- _Given data_:
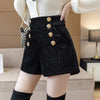 TP35 Korean fashion Wide Leg Black Shorts
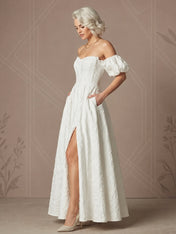 Off-the-Shoulder Sweetheart Floral Jacquard Midi Wedding Dress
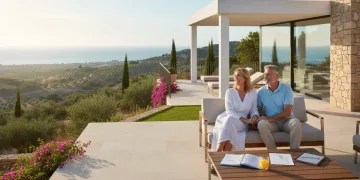 Pareja disfrutando de su jubilación en una casa moderna con vistas al paisaje español, simbolizando un futuro financiero seguro y planificado.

- _Required action_: A word-for-word retyping of the material above is expected, without pictures.

- _Result of this exercise_:
 TP35 Korean fashion Wide Leg Black Shorts
 Off-the-Shoulder Sweetheart Floral Jacquard Midi Wedding Dress
 Pareja disfrutando de su jubilación en una casa moderna con vistas al paisaje español, simbolizando un futuro financiero seguro y planificado.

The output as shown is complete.